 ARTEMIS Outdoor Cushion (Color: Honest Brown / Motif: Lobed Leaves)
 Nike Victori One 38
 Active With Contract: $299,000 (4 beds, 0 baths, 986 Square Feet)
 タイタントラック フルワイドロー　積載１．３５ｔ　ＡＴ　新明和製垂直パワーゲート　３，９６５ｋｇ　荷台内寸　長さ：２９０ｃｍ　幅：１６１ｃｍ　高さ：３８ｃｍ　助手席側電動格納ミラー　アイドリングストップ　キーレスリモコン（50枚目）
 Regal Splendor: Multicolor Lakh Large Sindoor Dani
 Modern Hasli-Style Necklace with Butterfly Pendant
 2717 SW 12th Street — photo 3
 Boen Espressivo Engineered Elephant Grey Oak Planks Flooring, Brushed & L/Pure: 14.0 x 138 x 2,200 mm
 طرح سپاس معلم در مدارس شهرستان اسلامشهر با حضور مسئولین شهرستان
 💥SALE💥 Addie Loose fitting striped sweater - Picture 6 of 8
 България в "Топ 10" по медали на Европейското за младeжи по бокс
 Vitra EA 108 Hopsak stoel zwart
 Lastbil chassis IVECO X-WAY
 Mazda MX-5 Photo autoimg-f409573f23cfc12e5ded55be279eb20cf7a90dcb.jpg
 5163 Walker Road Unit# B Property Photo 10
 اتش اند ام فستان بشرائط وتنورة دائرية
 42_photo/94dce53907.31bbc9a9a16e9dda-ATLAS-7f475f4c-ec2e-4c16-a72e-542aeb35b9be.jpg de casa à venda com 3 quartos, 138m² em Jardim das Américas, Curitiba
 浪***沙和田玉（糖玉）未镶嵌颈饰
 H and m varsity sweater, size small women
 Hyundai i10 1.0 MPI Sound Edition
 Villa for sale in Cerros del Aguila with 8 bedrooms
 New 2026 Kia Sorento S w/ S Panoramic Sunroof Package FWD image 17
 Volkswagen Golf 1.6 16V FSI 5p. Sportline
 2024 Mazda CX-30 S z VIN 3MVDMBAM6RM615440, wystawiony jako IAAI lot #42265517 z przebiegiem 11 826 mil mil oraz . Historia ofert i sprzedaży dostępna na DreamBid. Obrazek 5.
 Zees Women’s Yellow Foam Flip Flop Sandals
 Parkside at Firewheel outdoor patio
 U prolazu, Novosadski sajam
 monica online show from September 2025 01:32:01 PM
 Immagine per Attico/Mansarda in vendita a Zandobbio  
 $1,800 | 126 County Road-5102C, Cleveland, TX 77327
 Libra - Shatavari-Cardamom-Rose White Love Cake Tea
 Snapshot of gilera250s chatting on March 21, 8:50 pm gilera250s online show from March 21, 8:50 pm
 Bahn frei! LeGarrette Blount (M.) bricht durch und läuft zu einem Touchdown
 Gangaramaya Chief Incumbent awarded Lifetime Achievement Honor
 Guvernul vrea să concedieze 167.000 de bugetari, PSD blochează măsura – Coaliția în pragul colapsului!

__INSTRUCTIONS FOR THE TASK__. In the entries above, the lines between the one holding "Nike Victori One 38" and the one holding "Modern Hasli-Style Necklace", inclusive, are to be printed exactly as written, and those alone.

__FINAL ANSWER__.
 Nike Victori One 38
 Active With Contract: $299,000 (4 beds, 0 baths, 986 Square Feet)
 タイタントラック フルワイドロー　積載１．３５ｔ　ＡＴ　新明和製垂直パワーゲート　３，９６５ｋｇ　荷台内寸　長さ：２９０ｃｍ　幅：１６１ｃｍ　高さ：３８ｃｍ　助手席側電動格納ミラー　アイドリングストップ　キーレスリモコン（50枚目）
 Regal Splendor: Multicolor Lakh Large Sindoor Dani
 Modern Hasli-Style Necklace with Butterfly Pendant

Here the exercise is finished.